ParameterTypeRequiredDescription
providerstringYesSandbox provider slug. Currently "e2b".
codestringYesExecutable string passed straight to the sandbox.
templatestringNoProvider template id. Defaults to e2b's code-interpreter-v1.
timeoutintNoSandbox lifetime in seconds. Defaults to 300.
api_keystringNoOverrides the env var lookup.
api_basestringNoOverrides the provider's default host. Use this to point a self-hosted sandbox at a cluster URL.

acreate_sandbox​

Same shape as above without code, plus allow_internet_access: bool = True for backends that gate egress.

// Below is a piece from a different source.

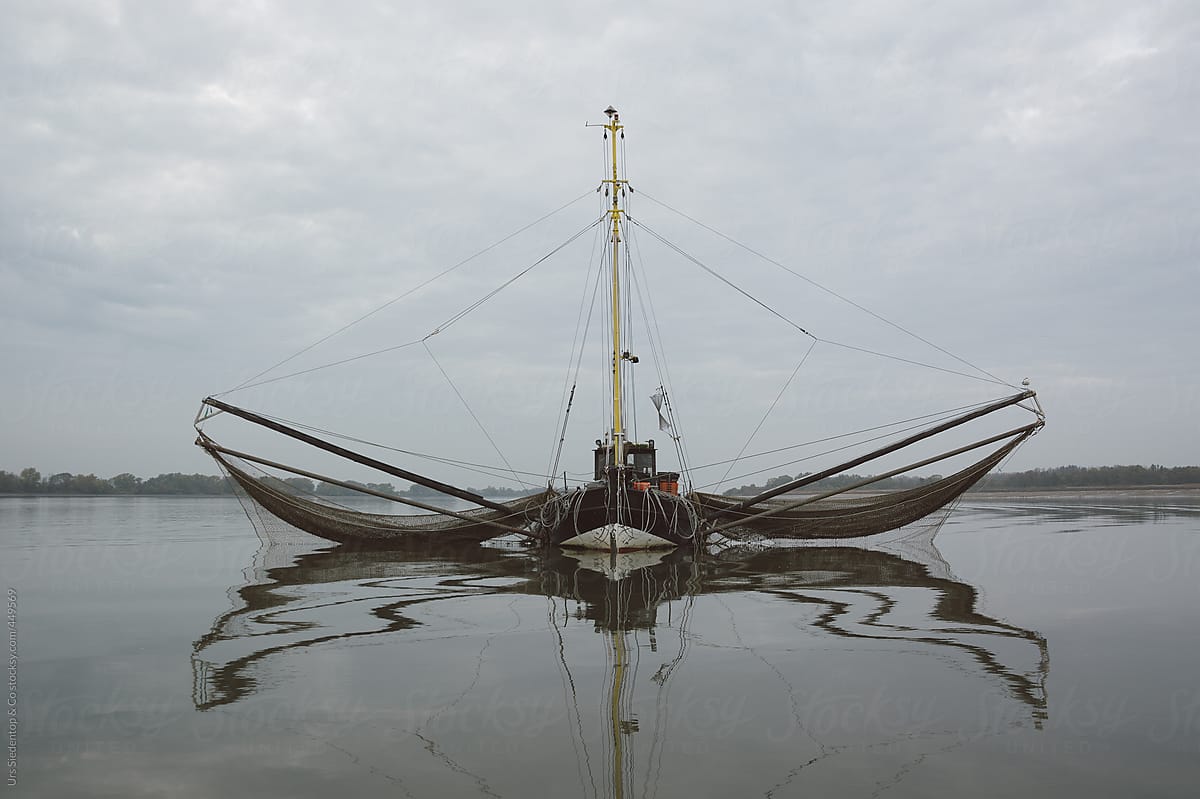 Old Wooden Fishing Boat With Two Extension Arms With Trawling Nets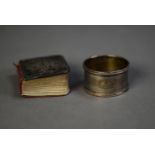 EDWARD VII MINIATURE BOOK OF COMMON PRAYER WITH EMBOSSED SILVER FRONT, decorated with angelic faces,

arun_code and adelete_sandbox​

provider, container (a ContainerHandle or sandbox id string), and optional api_key / api_base. arun_code also takes code.

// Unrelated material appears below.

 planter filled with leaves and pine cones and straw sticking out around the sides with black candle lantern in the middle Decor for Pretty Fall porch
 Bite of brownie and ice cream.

Response: CodeExecutionResult​

The return shape is a thin pydantic model that preserves whatever the sandbox emitted.

FieldTypeDescription
stdoutstringCaptured stdout. Empty string if nothing was printed.
stderrstringCaptured stderr.
resultslist[dict]Rich outputs such as base64 PNG charts; passed through unchanged.
errordict | None{name, value, traceback} when the sandboxed code raised, else None.
execution_countint | NoneJupyter-style cell counter for the run.
objectstringAlways "code_execution".

Provider setup​

e2b​

Set E2B_API_KEY (or pass api_key=... per call). Defaults: template code-interpreter-v1, sandbox timeout 300s, internet access on. Override template to use any custom e2b template you have published.

result = await litellm.acode_interpreter_tool(
provider="e2b",
code="...",
template="my-org/custom-template",
timeout=120,
)

Behind the scenes the call goes directly to e2b's REST API: POST api.e2b.app/sandboxes to create, a streamed NDJSON POST to the per-sandbox host on port 49999 to execute, and DELETE api.e2b.app/sandboxes/{id} to tear down.

LiteLLM Proxy: Responses API code interpreter interceptor​

Route OpenAI's code_interpreter tool to your sandbox instead of OpenAI's container. The client request stays plain Responses API.

Setup​

1. Set keys​

export E2B_API_KEY="e2b_..."
export OPENAI_API_KEY="sk-..."

2. Write config.yaml​

config.yaml
model_list:
- model_name: gpt-5
litellm_params:
model: openai/gpt-5
api_key: os.environ/OPENAI_API_KEY

sandbox_tools:
- sandbox_tool_name: my-e2b
litellm_params:
sandbox_provider: e2b
api_key: os.environ/E2B_API_KEY

litellm_settings:
callbacks: ["code_interpreter_interception"]
code_interpreter_interception_params:
enabled_providers: ["openai"]
sandbox_tool_name: my-e2b

Only providers in enabled_providers get their code_interpreter tool swapped.

3. Start the proxy​

litellm --config /path/to/config.yaml

4. Call /v1/responses​

curl -s "http://localhost:4000/v1/responses" \
-H "Authorization: Bearer sk-1234" \
-H "Content-Type: application/json" \
-d '{
"model": "gpt-5",
"tools": [{"type": "code_interpreter", "container": {"type": "auto"}}],
"input": "Product of first 6 primes. Just the number."
}'

Response contains a code_interpreter_call item with a cntr_* container_id wrapping the e2b sandbox id.

Notes​

Response shape matches OpenAI's native code_interpreter_call. stream: true works. Forced tool_choice: {"type":"code_interpreter"} is rewritten automatically. One sandbox per request, deleted on completion; concurrent requests are isolated by a server-minted cache key. Removing a tool from sandbox_tools clears its credentials on reload. v0 does not support file upload or download yet.